В. Г. Белинский, Н. Г. Чернышевский и Н. А. Добролюбов о народных песнях.



Н. Г. Чернышевский. Иногда случается слышать, что народную поэзию обвиняют в недостатке художественной формы. Это совершенно несправедливо. О чем говорит народная поэзия, говорит она чрезвычайно художественно. Ее недостаток совершенно иного рода; это – однообразие, доходящее до чрезвычайной монотонности. Сущность патриархальной жизни – неподвижность; формы этой жизни – неподвижные, оцепеневшие формы. Точно таковы же они и в народной поэзии. Об этом достаточно говорит уж внешний состав стиха, до чрезвычайности однообразный. Так, все греческие эпические песни сложены гекзаметром; во всех сербских один и тот же стих, десятисложный, разделяющийся на две половины, из которых в первой четыре, а во второй шесть слогов… <…> Точно так же неизменны обычные, так называемые «эпические» выражения, которыми наполнены все песни. У нас, например, всегда добрыймолодец, никогда просто молодец, или с каким-нибудь другим эпитетом; красна девица, лютая свекровь матушка, сыра земля и т. д.; у сербов всегда легкие ноги, гибкие ребра, белый двор, холодная вода, боевое копье и т. д. Как бы ни была велика меткость и красота подобных эпитетов, без которых не обходится ни одно часто употребляемое слово в народной поэзии, нельзя, однако же, не признаться, что их беспрестанное повторение чрезвычайно монотонно. Этим не ограничивается монотонность, неподвижность формы; она идет гораздо далее: все фразы, все мысли, все картины имеют один и тот же, раз навсегда установившийся, неизбежный вид. Постоянно повторяются одни и те же стихи, целые отрывки из нескольких стихов. Это каждый может заметить, сличив несколько песен.
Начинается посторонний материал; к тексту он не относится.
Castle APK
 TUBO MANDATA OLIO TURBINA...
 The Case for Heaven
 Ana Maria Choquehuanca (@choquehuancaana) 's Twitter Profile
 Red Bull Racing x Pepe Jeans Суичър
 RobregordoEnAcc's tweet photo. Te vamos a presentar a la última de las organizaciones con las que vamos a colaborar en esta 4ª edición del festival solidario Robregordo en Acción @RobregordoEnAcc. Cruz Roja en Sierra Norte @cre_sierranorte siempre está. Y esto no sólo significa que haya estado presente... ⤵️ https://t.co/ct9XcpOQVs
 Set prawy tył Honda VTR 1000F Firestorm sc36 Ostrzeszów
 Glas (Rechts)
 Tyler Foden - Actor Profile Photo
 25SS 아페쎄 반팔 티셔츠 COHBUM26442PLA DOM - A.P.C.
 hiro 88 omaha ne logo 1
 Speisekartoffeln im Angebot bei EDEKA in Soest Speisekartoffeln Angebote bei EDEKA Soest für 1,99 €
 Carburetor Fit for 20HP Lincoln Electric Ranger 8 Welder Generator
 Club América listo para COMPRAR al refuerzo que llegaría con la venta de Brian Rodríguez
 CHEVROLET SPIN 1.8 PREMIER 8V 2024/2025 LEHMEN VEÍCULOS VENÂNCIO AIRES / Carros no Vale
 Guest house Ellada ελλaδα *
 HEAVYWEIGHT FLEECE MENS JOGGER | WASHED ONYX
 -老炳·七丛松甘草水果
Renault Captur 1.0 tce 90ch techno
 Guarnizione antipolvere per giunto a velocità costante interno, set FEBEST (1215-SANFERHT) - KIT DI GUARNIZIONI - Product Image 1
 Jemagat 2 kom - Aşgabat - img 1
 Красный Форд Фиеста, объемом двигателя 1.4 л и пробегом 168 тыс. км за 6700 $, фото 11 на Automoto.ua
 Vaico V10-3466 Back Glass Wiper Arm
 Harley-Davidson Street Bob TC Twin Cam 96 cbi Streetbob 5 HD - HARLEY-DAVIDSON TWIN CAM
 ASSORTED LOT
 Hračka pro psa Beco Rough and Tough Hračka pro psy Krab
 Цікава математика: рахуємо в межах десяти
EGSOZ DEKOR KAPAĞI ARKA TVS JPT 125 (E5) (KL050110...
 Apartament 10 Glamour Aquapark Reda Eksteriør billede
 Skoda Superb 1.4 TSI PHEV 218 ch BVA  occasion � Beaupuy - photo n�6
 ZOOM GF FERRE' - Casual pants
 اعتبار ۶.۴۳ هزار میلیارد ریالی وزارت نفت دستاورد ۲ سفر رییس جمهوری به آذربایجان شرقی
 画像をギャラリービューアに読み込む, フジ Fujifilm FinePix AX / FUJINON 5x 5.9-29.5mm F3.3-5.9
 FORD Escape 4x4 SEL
Потому песни так легко и перемешиваются одна с другою, сливаются, раздробляются; каждая из них – мозаика, составленная из кусков, беспрестанно повторяющихся в других песнях .

Н. А. Добролюбов. Имея намерение собирать только поэтические особенности языка, я не должен, следовательно, касаться ни лингвистических особенностей в народной поэзии, ни исторического элемента, ни народной философии с различными отраслями знаний… Но – развитие языка так тесно связано с развитием народа, в народной поэзии так многое зависит от степени силы и изобразительности языка, что во многих местах необходимы будут замечания, относящиеся чисто к истории языка… С другой стороны – на язык так много ложится черт истории и быта народного, произведения народной словесности заключают в себе столько исторических преданий, в них так отражается миросозерцание народа, его быт, степень его образованности, что необходимо будет касаться и этих предметов, насколько они выразились в народной словесности. Без этого работа моя не имела бы никакого приложения, была бы слишком скучна, холодна, безжизненна.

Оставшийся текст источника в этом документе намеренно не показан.